Preparing during pregnancy is ideal because parents are more mentally acute and have time to work on training and conditioning. Once baby comes along, it’s a little more challenging, but totally doable. Here are some things you can implement today to help your dogs learn to coexist with baby.
PERFECT THE BASICS
Remember that obedience class you took when you got your dog? It’s time to hone those skills they learned! Reliable commands are essential for any dog, but are especially helpful when you have kids and visitors around. Be sure your dog knows sit, stay, come, lay down, and place. Their “place” should be somewhere they are comfortable and left alone, such as a kennel, their bed, or a mat. These commands will come in handy down the road when you have visitors or just need your dog to give you some space.
PREPARE PUZZLE TOYS
You are not going to want your dog loose in the house all the time once baby is here. Things will be hectic, and there will be a constant stream of people coming and going, which can stress your dog out. When you have to put your dog in another room or a kennel, you want them to have something to do. This way they won’t feel like you are punishing them or leaving them out, and if they are anxious about what’s going on, these toys will help them release good hormones. The last thing you need is an upset dog with separation anxiety. Always make sure toys are appropriate for your dog’s size and chewing strength.
WALK YOUR HOUSE
Once baby comes, you are going to want to find ways to separate yet include your dog. This allows them to get used to the baby on their own terms without feeling overwhelmed. The idea here is to have them close by while in a kennel, on the other side of a baby gate, or on a tether. Look at the way your furniture is set up and your home is laid out. Where can you incorporate these things? You don’t want your dog to be in the same place all the time. Practice separating your dog in these ways and reinforce them with treats, puzzle toys, and both verbal and physical praise (pets, ear scratches, etc).
UNDERSTAND BASIC DOG BEHAVIOR AND SIGNALS
Do some internet searching and learn about dog body language. Dogs are not like people, so we may not recognize their ways of showing when they are calm and when they are uncomfortable. Many of the adorable videos of dogs and babies that you see online actually feature an extremely stressed out dog. Learn your dog’s signals; always be aware of and respect what they are trying to tell you!
DON’T RUSH OR FORCE A RELATIONSHIP BETWEEN YOUR DOG AND CHILD
A relationship takes time to build and grow regardless of the species involved. Also, think about the differences in the relationship your dog has with you and others in the household. Each relationship is unique and has evolved over time. The same is going to be true about the relationship between your dog and your child. When your child is very young, often the best thing to do is to not have direct contact between the dog and child because babies are very unpredictable and that can be scary to a dog. Observing the changes your baby goes through from a comfortable distance is often best for the dog.
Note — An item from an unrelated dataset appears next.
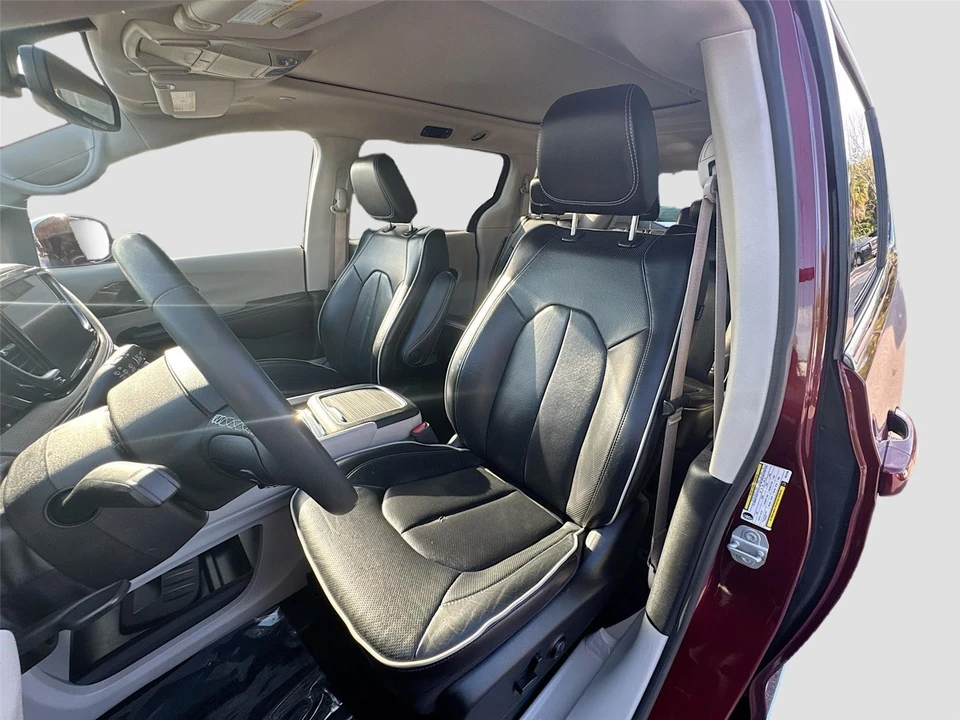 2022 Chrysler - Image 19 of 21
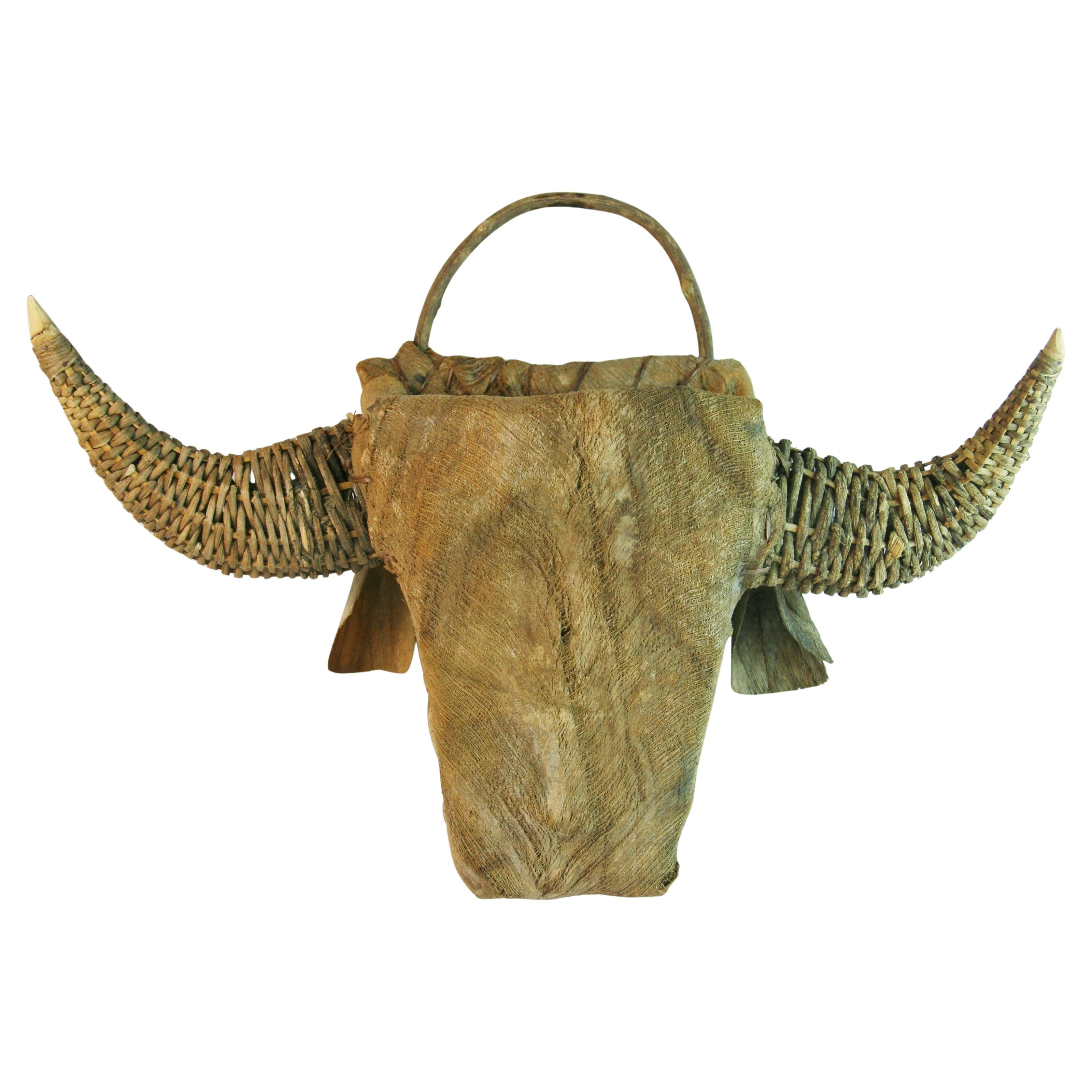 Folk Art Stier-Skulptur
As your baby gets older, there are several structured games they can play with the dog, which I will share in the next post in this series.
REACH OUT TO THE PROFESSIONALS
Did you know that there are several organizations that focus solely on the dog/child dynamic? Since we are talking about prenatal preparation and the infant/dog dynamic in this post, your best resources are:
Family Paws Parent Education (www.familypaws.com) They have licensed educators all over the world who present the Dogs and Storks program, which prepares families with dogs for life with baby. They also have a support hotline (877-247-3407) for parents to be and parents with children of all ages.
Colleen Pelar (www.livingwithkidsanddogs.com) Colleen has great videos, photos, and infographics about dog body language, books for parents if that’s your thing, and a Q&A page with questions from parents.